Um novo tratamento genético permite «melhorias no controlo do movimento» ao doentes de Parkinson, um transtorno degenerativo que afeta mais de seis milhões de pessoas em todo o mundo, noticia esta sexta-feira a revista britânica «The Lancet».

Um grupo de investigadores franceses, liderado por Stephane Palfi, professor dos hospitais universitários Henri-Mondon de Créteil, França, administrou o novo tratamento a quinze doentes com Parkinson em estado avançado entre os 48 e os 65 anos que não respondiam aos tratamentos convencionais.

A terapia genética, denominada «ProSavin», usa um vírus inerte que leva genes corretivos diretamente à zona do cérebro que controla o movimento e foi desenhada para converter as células do sistema nervoso em fábricas de dopamina (neurotransmissor responsável por várias funções do cérebro como a memória ou o movimento).
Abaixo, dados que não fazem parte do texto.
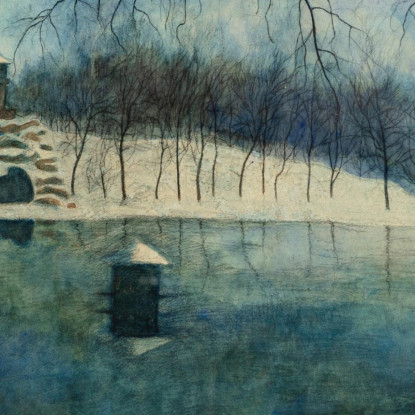 Il Parco Léopold Di Ostenda Con Lo Stagno E Il Trinkhall Sotto La Neve Léon Spilliaert lsp72 quadro stampato su tela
Os doentes de Parkinson sofrem uma perda desse neurotransmissor, o que lhes causa tremores, lentidão dos movimentos e rigidez muscular, entre outros sintomas.

Depois de testar a terapêutica durante um ano nos 15 pacientes escolhidos, os cientistas comprovaram que o novo tratamento é «eficaz, seguro e bem tolerado» pelos doentes.

Durante o estudo foram avaliadas funções motoras como a fala, os tremores, a rigidez, o movimento dos dedos, a postura, a forma de andar e a lentidão, tendo sido observadas melhorias importantes depois de seis meses de tratamento.

«O ProSavin é seguro e foi bem tolerado pelos doentes em estado avançado de Parkinson. Melhorias no controlo dos movimentos foram registadas em todos eles», afirmou Palfi, ressalvando que os resultados são limitados e, apesar de promissores, devem ser «interpretados com precaução».

A doença de Parkinson é um transtorno neurológico degenerativo e progressivo que afeta as zonas do sistema nervoso central responsáveis pelo controlo dos movimentos.

Os sintomas mais comuns são tremores, rigidez muscular, lentidão e anomalias posturais.